Figures to make every time you run MCMC (following Hogg and Foreman-Mackey sect. 9)

  • Trace plots

    • The burn-in length can be seen; lets you identify problems with model or sampler; qualitative judge of convergence.

    • Use convergence diagnostic such as Gelman-Rubin.

  • Corner plots

    • If you have a \(D\)-dimensional parameter space, plot all \(D\) diagonal and all \({D\choose 2}\) joint histograms to show low-level covariances and non-linearities.

    • “… they are remarkable for locating expected and unexpected parameter relationships, and often invaluable for suggesting re-parameterizations and transformation that simplify your problem.”

  • Posterior predictive plots

    • Take \(K\) random samples from your chain, plot the prediction each sample makes for the data and over-plot the observed data.

    • “This plot gives a qualitative sense of how well the model fits the data and it can identify problems with sampling or convergence.”

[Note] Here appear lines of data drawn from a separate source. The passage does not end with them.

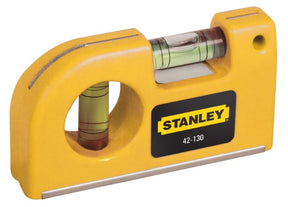 Stanley Magnetic Horizontal & Vertical Pocket Level 0-42-130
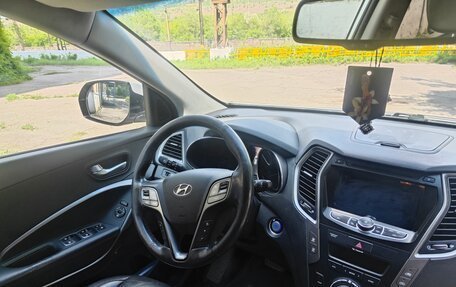 Hyundai Santa Fe III рестайлинг, 2016 год, 2 200 000 рублей, 6 фотография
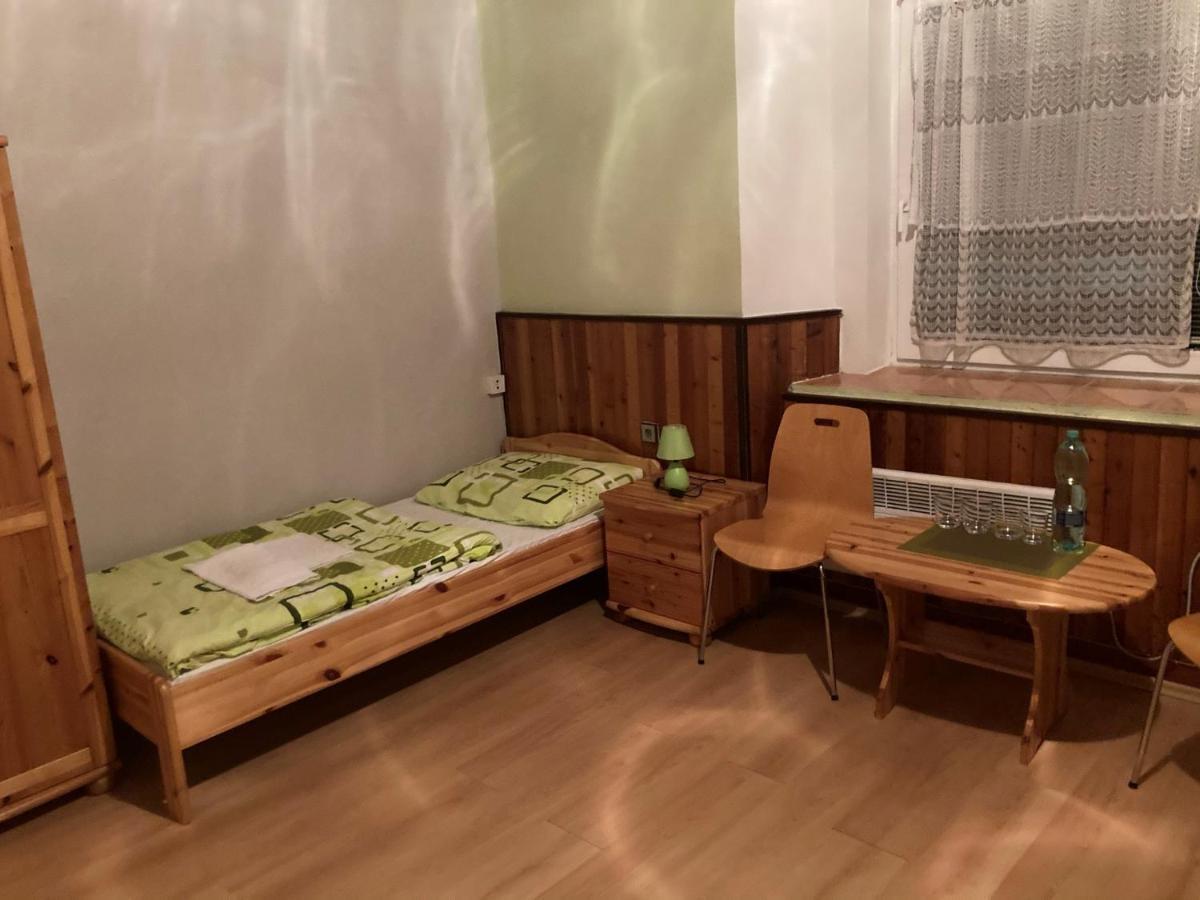 Penzion Borovica Stratená 외부 사진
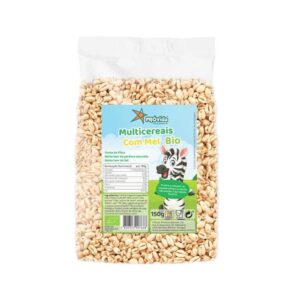 Multicereais c/Mel BIO 150g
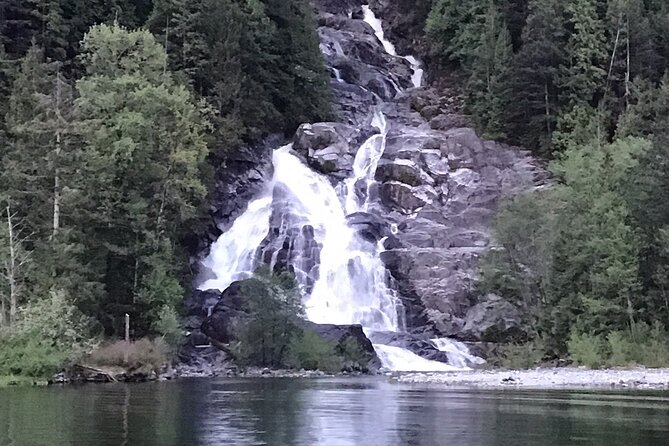2 Hour Chartered Boat Tour from Deep Cove North Vancouver - Weather, comfort, and access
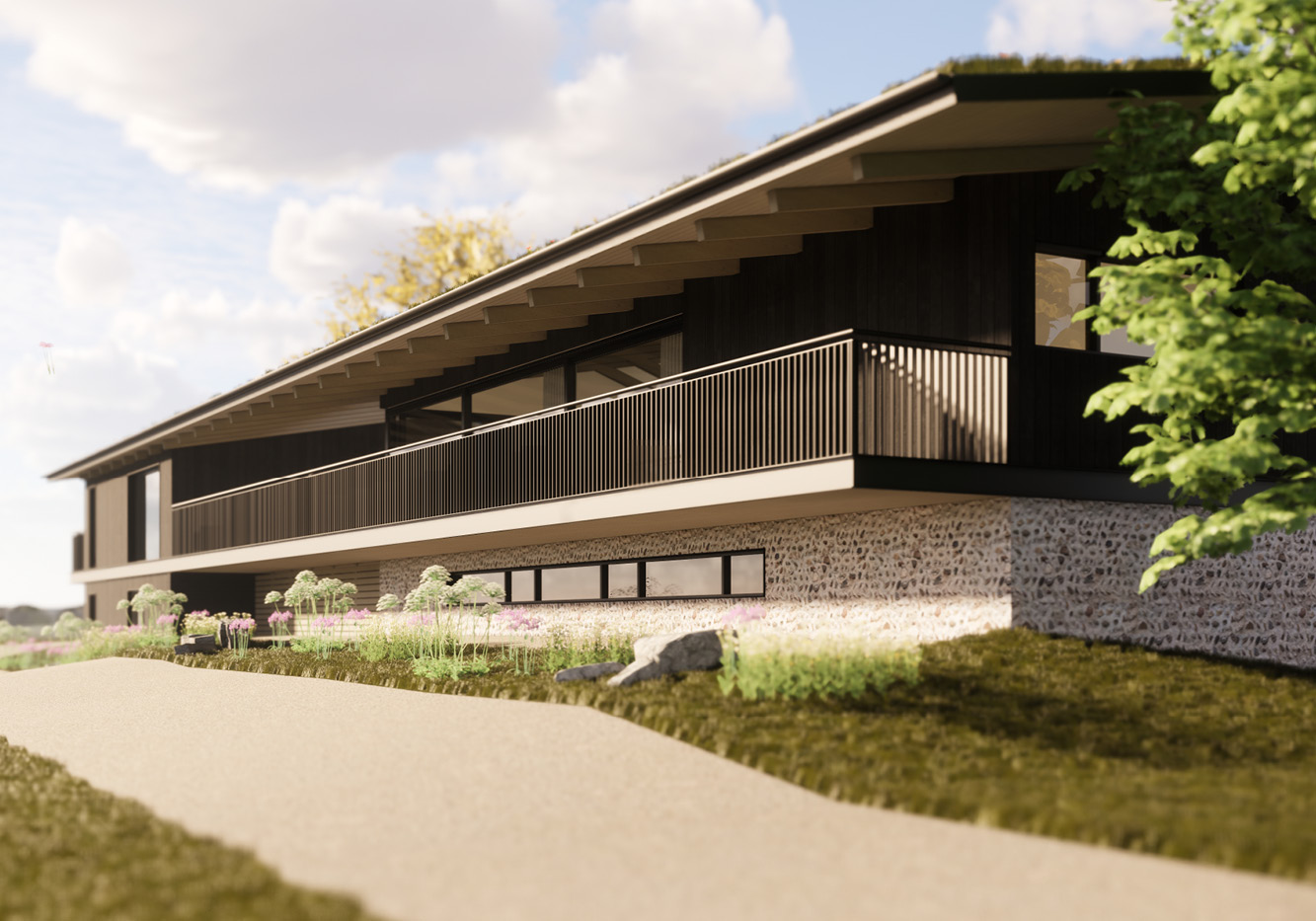 Designcubed Architects Oxfordshire Winery3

Sampling from correlated distributions#

If our posterior has projections that are slanted, indicating correlations, and we are doing Metropolis-Hastings (MH) sampling, how do we decide on a step size? The problem is that we want to step differently in different directions: a long enough step size to explore the long axis will lead to many rejections in the orthogonal direction. So we do not want an isotropic step proposal!

If we propose steps by

\[ p(\xvec) = \frac{1}{\sqrt{(2\pi)^N |\Sigma|}} e^{-\xvec^{\intercal}\cdot \Sigma^{-1} \cdot \xvec} , \]

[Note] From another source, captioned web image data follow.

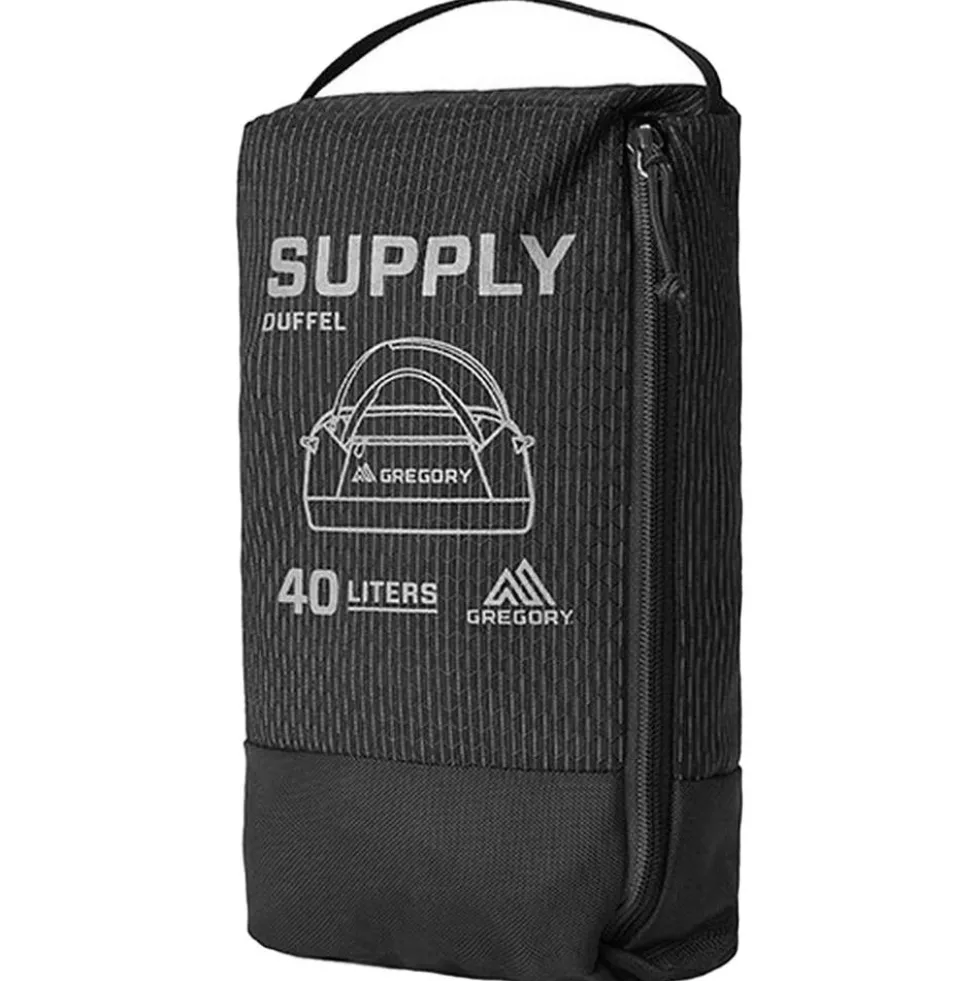 Borsone Gregory Supply 40 Pelican Blue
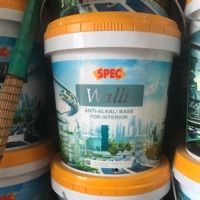 Sơn lót kháng kiềm nội thất Spec Walli Anti-Ankali Base For Int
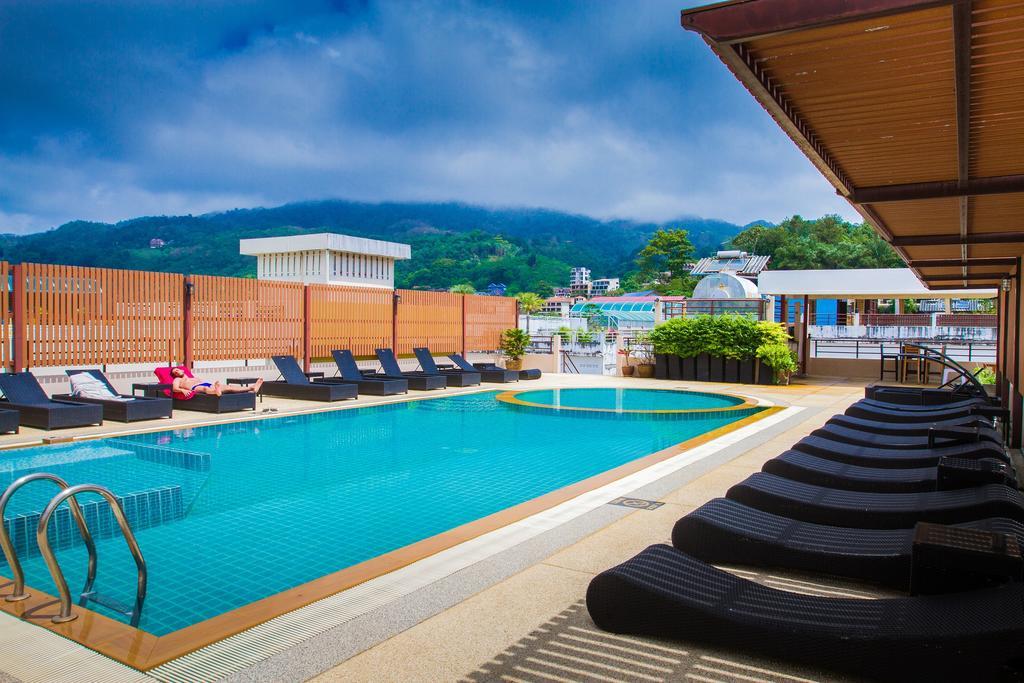 Chana Hotel Phuket Kültér fotó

then we don’t need to take \(\Sigma \propto \sigma^2 \mathbb{1}_N\)!

  • We have \(N(N-1)\) parameters to “tune” to reduce the correlation time.

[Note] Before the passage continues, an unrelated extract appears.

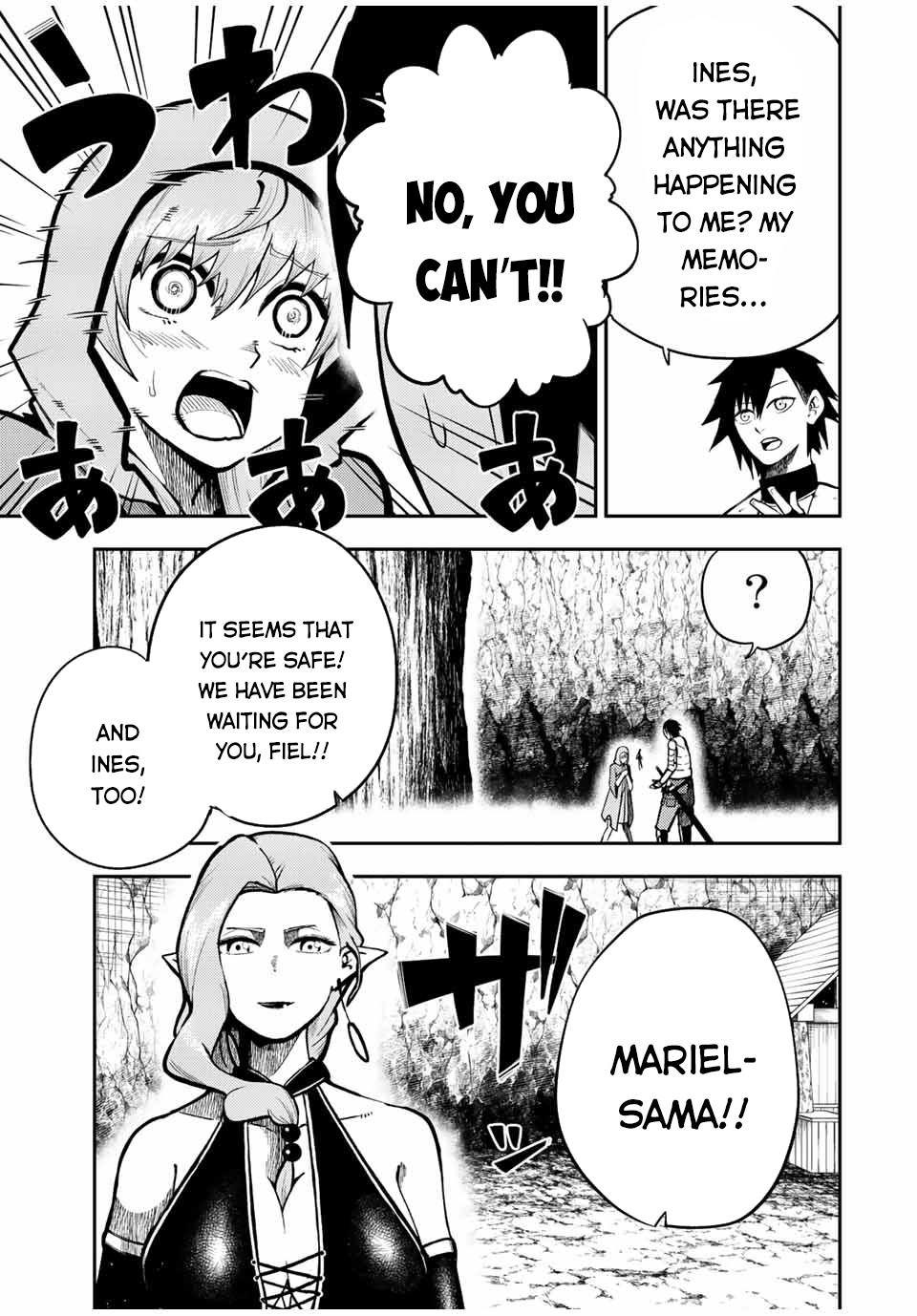 Dorei Tensei: Sono Dorei, Saikyou no Moto Ouji ni Tsuki Chapter 78 page 6 - Chapter 78: Slave, Returns to the Human World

  • However, this is increasingly difficult as \(N\) increases.

One improvement is to do a linear transformation of \(\thetavec \longrightarrow \thetavec' = A\thetavec + B\) such that \(\thetavec'\) is uncorrelated with similar \(\sigma_i\)’s in each direction. Thus effectively to rotate the slanted ellipse.

Or one could use an “affine invariant” sampler such as emcee. An affine transformation is an invertible mapping from \(\mathbb{R}^N \rightarrow \mathbb{R}^N\), namely \(\yvec = A\xvec + B\), which is a combination of stretching, rotation, and translation. “Affine invariant” means that the sampler performs equally well on all affine tranformations of a distribution. So emcee figures out how to make optimal steps. It does this by using the many walkers at time \(t\), which have sampled the space, to construct an appropriate affine compatible update step for \(t+1\). This is one reason to make sure there are plenty of walkers.